Add `Iterator::map_windows` #82413

LukasKalbertodt · 2021-02-22T19:10:06Z

This method returns an iterator over mapped windows of the starting iterator. Adding the more straight-forward Iterator::windows is not easily possible right now as the items are stored in the iterator type, meaning the next call would return references to self. This is not allowed by the current Iterator trait design. This might change once GATs have landed.

The idea has been brought up by @m-ou-se here.

I think this method is quite versatile and useful. I hope the examples in the doc comment sufficiently demonstrate that.

One open question: the current design basically requires that the internal array buffer is shifted on each next call, meaning it has an O(iter.count() * N) runtime complexity per next (where N is the const parameter). I expect this method to be called with very small Ns only, but of course it could be used with large arrays. To avoid this shifting, we would need an array version of VecDeque basically. But this would also mean the closure wouldn't get a simple parameter anymore. I think we want this simpler but "slower for large Ns" version, but what do others thing? Maybe the docs should mention this caveat?

rust-highfive · 2021-02-22T19:10:10Z

r? @sfackler

(rust-highfive has picked a reviewer for you, use r? to override)

LukasKalbertodt · 2021-02-22T19:15:47Z

library/core/src/iter/adapters/map_windows.rs

+ buffer.rotate_left(1);
+ buffer[N - 1] = next;


This is slightly wasteful in theory: the first element does not need to be copied to the last slot as it's overwritten later anyway. I expect this to be optimized out anyway, but I haven't checked.

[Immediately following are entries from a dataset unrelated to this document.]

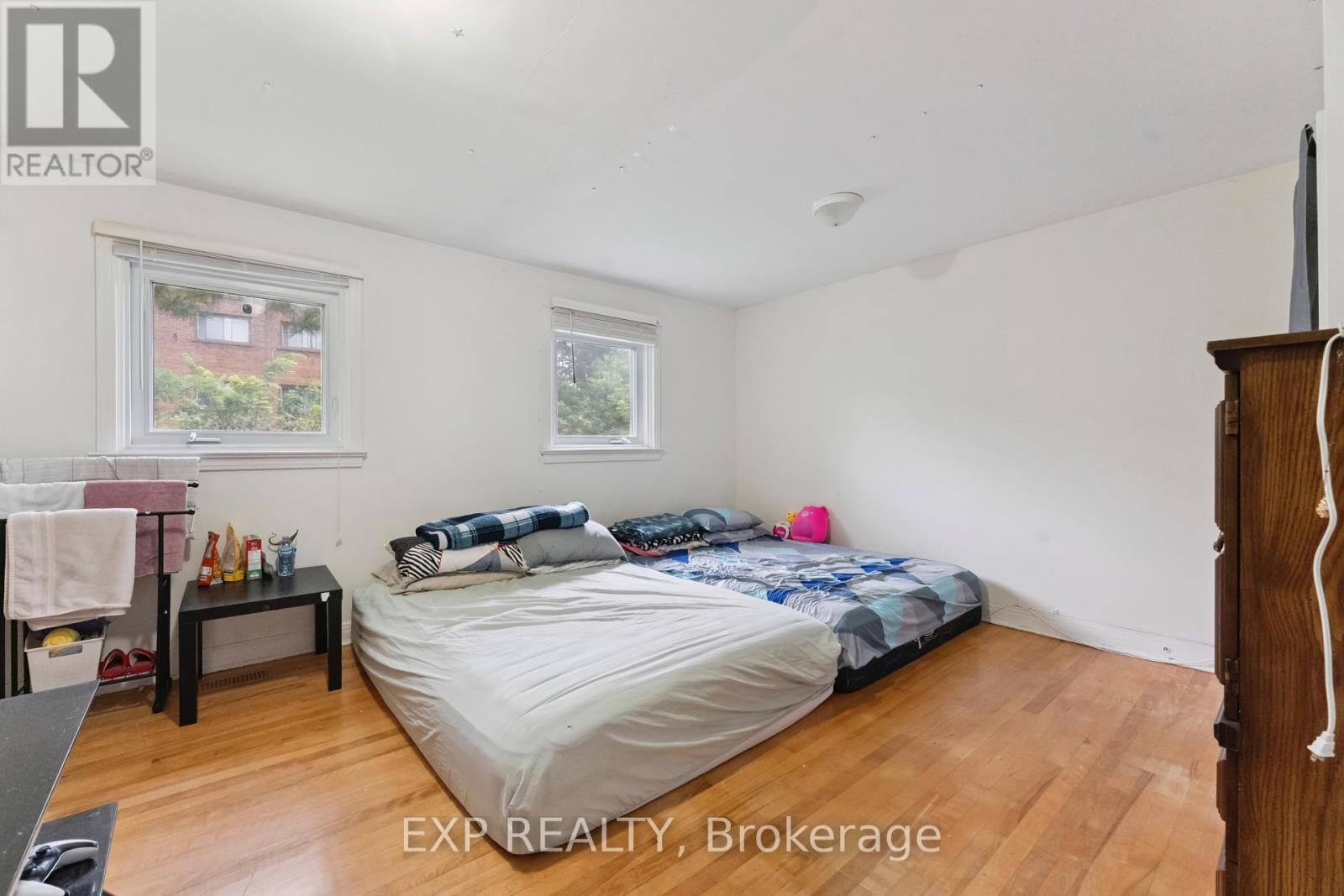 1395 Caldwell Avenue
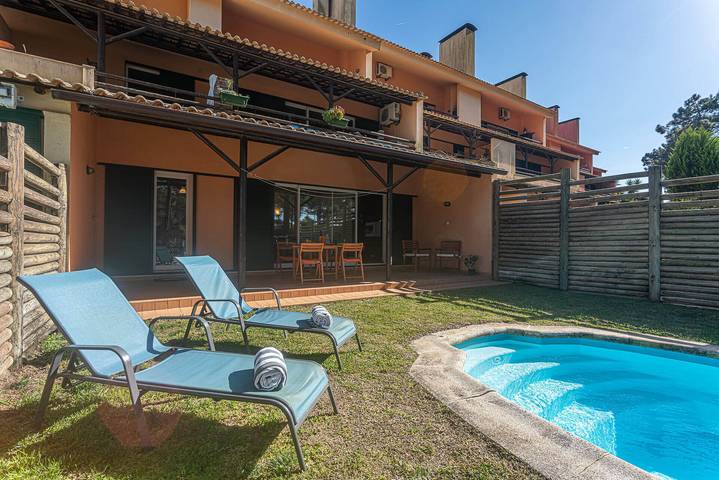 Apartamento inteiro, Apartment Ciprestes in Aroeira, Charneca de Caparica e Sobreda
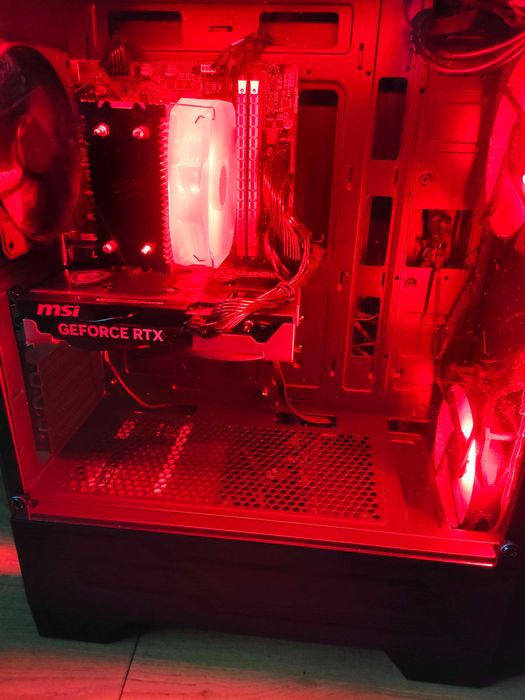 RTX 5060 Komputer do gier i5 16GB Ram SSD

I haven't found a better non-unsafe way to do this. copy_within requires T: Copy, swap would work, but I doubt doing a bunch of swaps is faster than the current version. Of course, the unsafe would be straight-forward but I still wanted to avoid it for now. Any ideas or opinions?

Using unsafe in std lib is acceptable if it leads to a performance advantage.

Is it possible to just write to the first element then rotate?

Edit: On reflection I think this is probably not that costly either way, have to look at godbolt for it

Writing to the first element doesn't seem to change that much compared to the current approach.

I played a bit on godbolt and I found 3 situations:

They're optimized almost the same way. This often happen for tiny Ts, but sometimes also for bigger ones.

The unsafe version may be optimized to 4-5x less assembly. This often happen for bigger Ts but small N.

The unsafe version is optimized to a memmove call and the safe version to either a lot of moves or a loop. This often happen for bigger Ts and bigger N

I think that, if .rotate_right(1) and .rotate_left(1) don't optimize to the obvious memmove, then that's a bug in those methods that should be fixed.

(I vaguely recall someone on Discord was going to file me a bug about this...)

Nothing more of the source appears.